OK, this post isn't about authentic food, but hey, it is about a uniquely Japanese tradition.
I have to share some photos and observations from the big Sumo Tour that was in Los Angeles Saturday and Sunday, June 7-8.

The Sumo Tour is like an All-Star game in other sports: the top Japanese sumo wrestlers travel to other countries for a cultural and educational exchange that promotes their sport and expands their celebrity. The Sumo Tour has also been to Hawaii, Las Vegas and Europe in years past; during their visits, the wrestlers present exhibition matches so we foreigners can get a taste of the unique traditional sport that is actually pretty challenging to see live in Japan, unless you're wealthy or have connections for tickets.

My 4-foot-9 mom is a huge sumo fan (pun intended) who faithfully watches the real Japanese matches on her Japan TV network feed daily during the 15-day tournaments (the Tokyo tournament was held in May). So when I heard the Sumo Tour was bringing these gigantic stars to Los Angeles, I got online immediately and bought tickets for my parents and me to attend the first day, and I presented them to my mom and dad as their Mother's Day and Father's Day gifts.
"OH!" my elated mom exclaimed, "Your dad and I got so excited about the Sumo Tour but didn't think we could go because of how expensive tickets are!"
This was clearly the best Mother's Day gift I ever got my mom.

So we headed to the L.A. Sports Arena Saturday afternoon and arrived just after the gates opened at 4 p.m.
After standing in line to get in - and our purses given a cursory search by arena staff - we were pleased to find our seats in the middle loge level had a perfect view of the sumo ring, which allowed us to see all the moves clearly, plus even the occasional dramatic tumble off the ring by the giants.

Before the matches officially started around 6 p.m., there were some educational demonstrations of illegal moves, and the stretching and warmup exercises, which demonstrated how tremendously limber those huge wrestlers actually are. Check them out doing the SPLITS:
Because I'm not a faithful sumo follower like my parents, I didn't realize that the lifting of each leg before the match is a stretching move. This is one of the two Yokozunas (sumo champions), Asashoryu, in his ceremonial introduction:
Seeing these giants do this live made me realize how muscular and nimble they really are. (Have you tried lifting your leg to the side that high?)

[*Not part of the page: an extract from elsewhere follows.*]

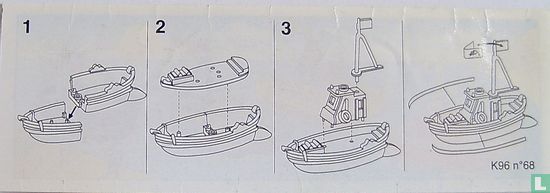 Vissersboot 1 - Bild 2
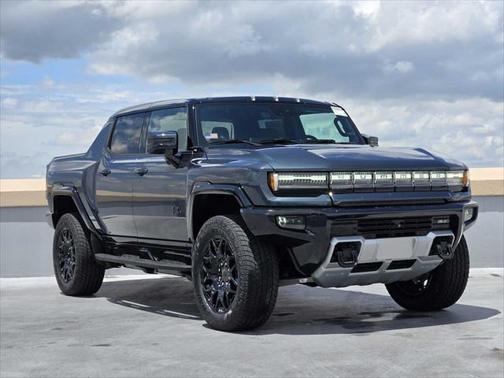 2025 GMC HUMMER EV Pickup 2X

More scenes from the pageantry...

The entrance procession: In the photo below, the move on the left is a "tsukidashi" or "thrust out," where the attacker uses his hands in repetitive motion to push his competitor; it almost looks like slapping or punching:
More moves, which I'm too uneducated to identify:
There were some theatrics during the matches -- some obvious staredowns between wrestlers and even some overly dramatic posturing by Takamisakari during the ceremonial faceoff before a match -- that my Mom said are never done in the real matches, and were clearly for entertaining Americans.
Entertain they did: the crowd ate it up, hooting and hollering and encouraging more.
Of course, all of the rituals in the real matches in Japan are very serious and characteristically honorific, with the faceoff actually being a moment for the wrestlers to greet each other with a modicum of respect -- not an in-your-face, "I'm gonna bring you down" moment.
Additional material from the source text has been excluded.